Il gioco quotidiano della vita

Hotel Charleston, Spoleto (PG)

Andrea Improta e Federica Frapparelli. Il lavoro degli artisti muove dalla volonta' di misurarsi con la rappresentazione di una realta' quotidiana mai banale, in contrasto con la tendenza a raffigurare situazioni dal contenuto visibilmente 'forte'.


comunicato stampa

Andrea Improta e Federica Frapparelli

Questo è il titolo piuttosto eloquente che Andrea Improta e Federica Frapparelli, i due giovani artisti, autori della mostra, hanno scelto di dare alla loro personale, allestita in un contesto prestigioso e di grande respiro culturale come è quello dello Spoleto Festival. Mostra di cui sono peraltro curatori e che rappresenta l’intenzione manifesta di impegnare il loro talento su di un tema comune, indagato da due diversi versanti delle arti visive, la pittura e la fotografia.
Dall’incontro fra le loro sensibilità umane ed artistiche nasce questo lavoro che muove le mosse dalla volontà precisa di misurarsi con la rappresentazione di una realtà per l’appunto quotidiana ma mai banale, in contrasto con la dilagante tendenza a raffigurare situazioni dal contenuto visibilmente “forte” per così dire, come se la vita nella sua normalità non avesse la dignità per essere messa in immagine, per essere comunicata attraverso essa.

Su questo presupposto si sviluppa il loro lavoro che, attraverso sette quadri e dodici fotografie, mostra visibilmente, è proprio il caso di dire, che non vi è inconciliabilità fra pittura e fotografia nel rapporto che esse intrattengono con la realtà ma semplicemente una diversità di linguaggio. In effetti che si tratti di una pittura parietale o cubista, invece che di un graffito, un manifesto o una fotografia, comprendiamo che vi è un nucleo di significazione costante, nonostante le evidenti dissimiglianze.

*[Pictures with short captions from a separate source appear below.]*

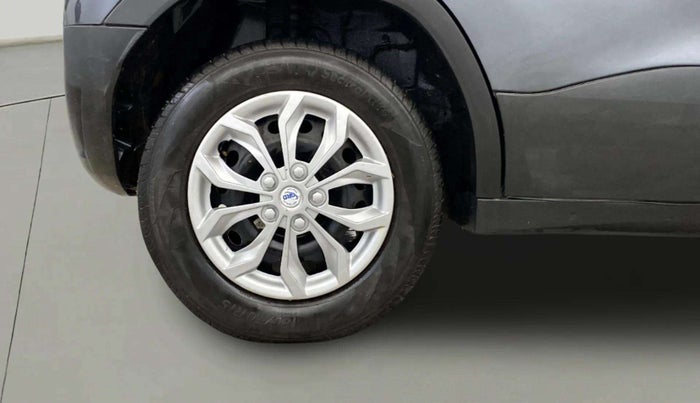 2022 Tata PUNCH PURE MT, CNG, Manual, 43,690 km, Right Rear Wheel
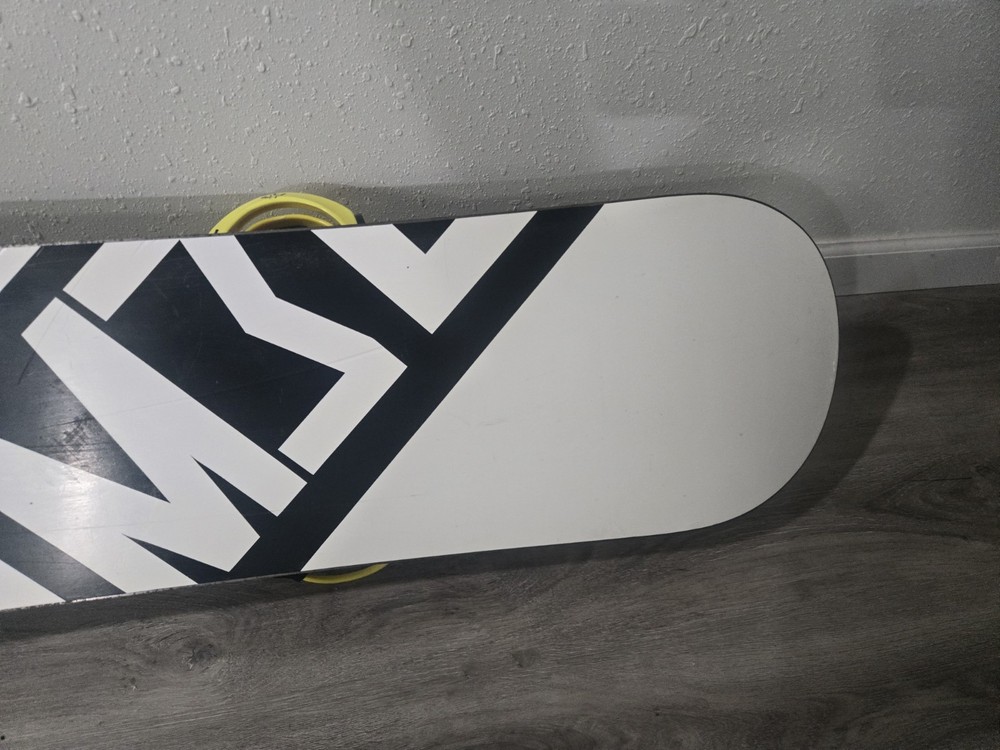 M3 Discord Snowboard 145 CM With K2 Sonic Bindings
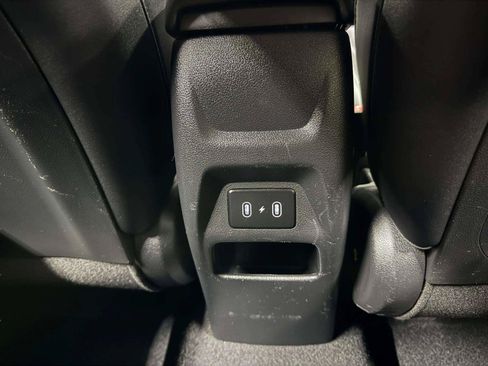 Used 2024 Hyundai Venue Limited FWD image 43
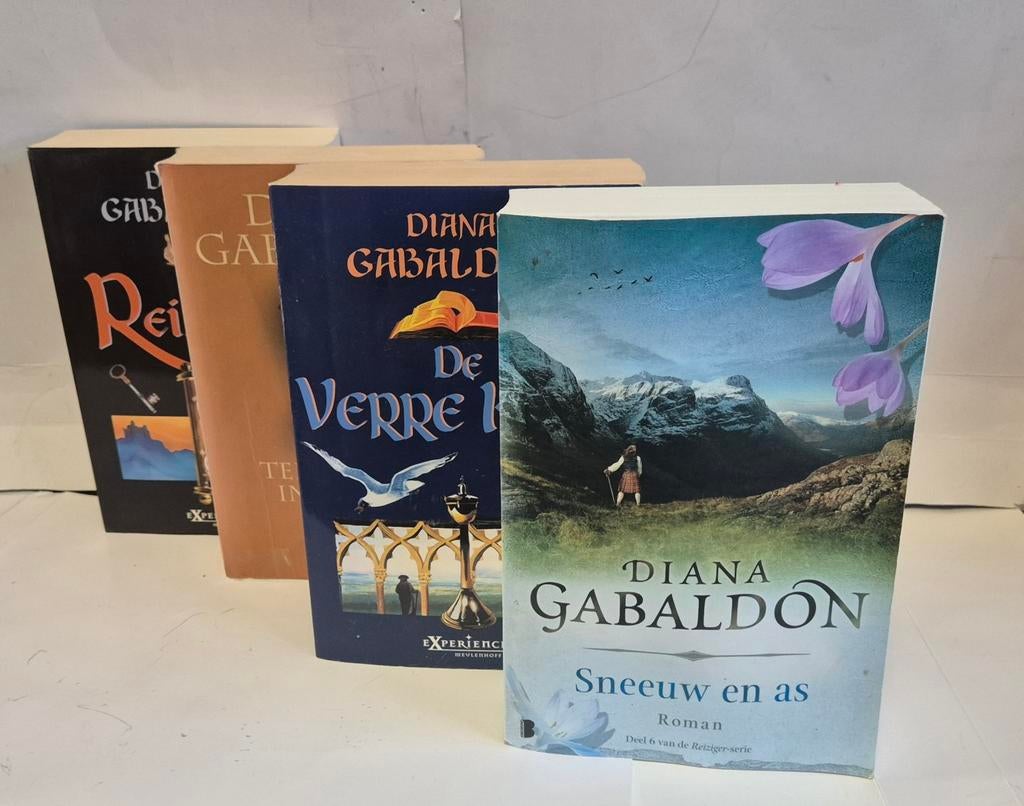 Diana Gabaldon 6x-Reiziger 4x Lord John 2, Boeken, Ophalen of Verzenden, Gelezen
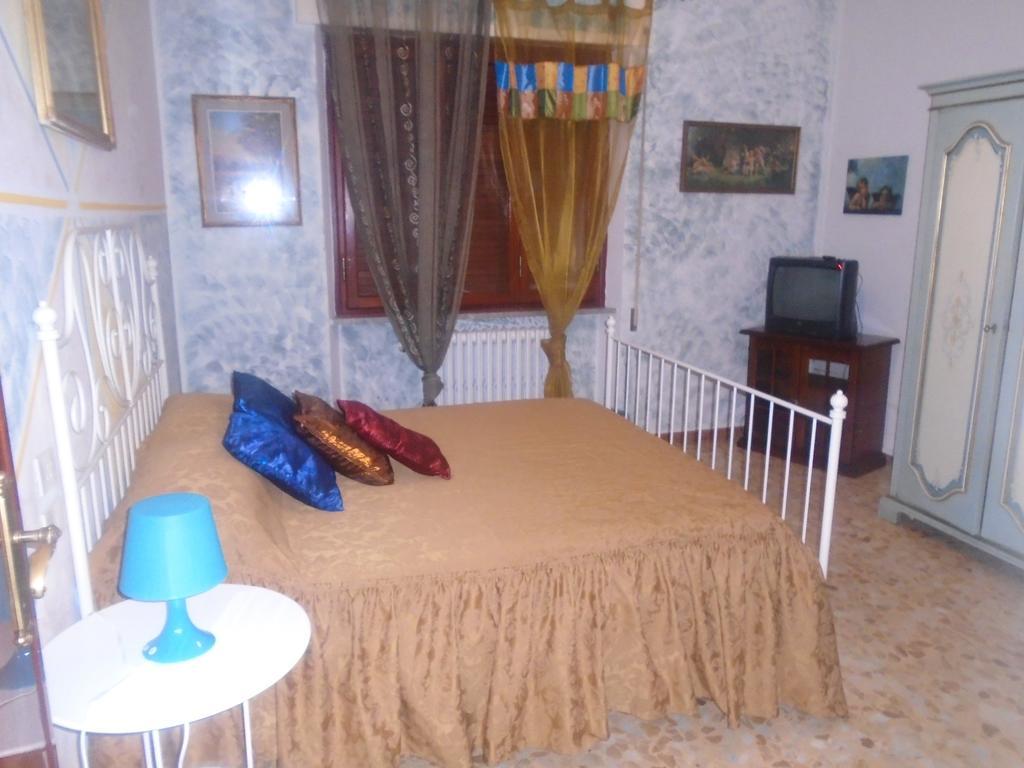 Tropical Bed&Breakfast Lucca Rom bilde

Che l’immagine sia la produzione più o meno cosciente di un soggetto è un fatto; che sia la rappresentazione concreta e percettibile di qualcosa, anche; che costituisca un messaggio in grado di attivare un processo di comunicazione fra autore, opera e pubblico è inevitabile ed indubitabilmente vero. E’ il fatto stesso che sia una rappresentazione di qualcosa, con la quale intrattiene un rapporto di analogia nel significato che è proprio del termine greco analogos, ovvero proporzionale a determinare ciò. In altre parole è il carattere di somiglianza, di mimesis imperfetta, tra la rappresentazione ed il reale, che consente una sorta di messa in immagine del mondo. Sebbene la fotografia sembri poter rendere la realtà nella sua oggettività e poterla infinitamente riprodurre, a dire il vero anche essa mostra unicamente un’interpretazione del reale, perché ripropone una somiglianza e non ha la capacità di esser copia diretta del reale.
Tanto la pittura, quanto la fotografia sono in questo senso immagini, la cui rispondenza con il mondo esterno non è infatti la medesima. Nonostante i vari modi con cui a partire dal 1839, anno in cui fu divulgata in una memorabile seduta dell’Accademia delle Scienze di Parigi la scoperta del primo procedimento fotografico allora denominato Daguerrotypie, pittori e fotografi si sono reciprocamente influenzati e hanno rubato gli uni dagli altri, una foto non molto diversamente da un quadro è il risultato di un processo nel quale si utilizzano comunque rappresentazioni schematiche e convenzionali. Resta il fatto che le loro procedure rimangono sostanzialmente distinte. Tant’è che “il pittore costruisce, il fotografo rivela”. E tale diversità di fondo è visibile anche nel lavoro di questi giovani artisti.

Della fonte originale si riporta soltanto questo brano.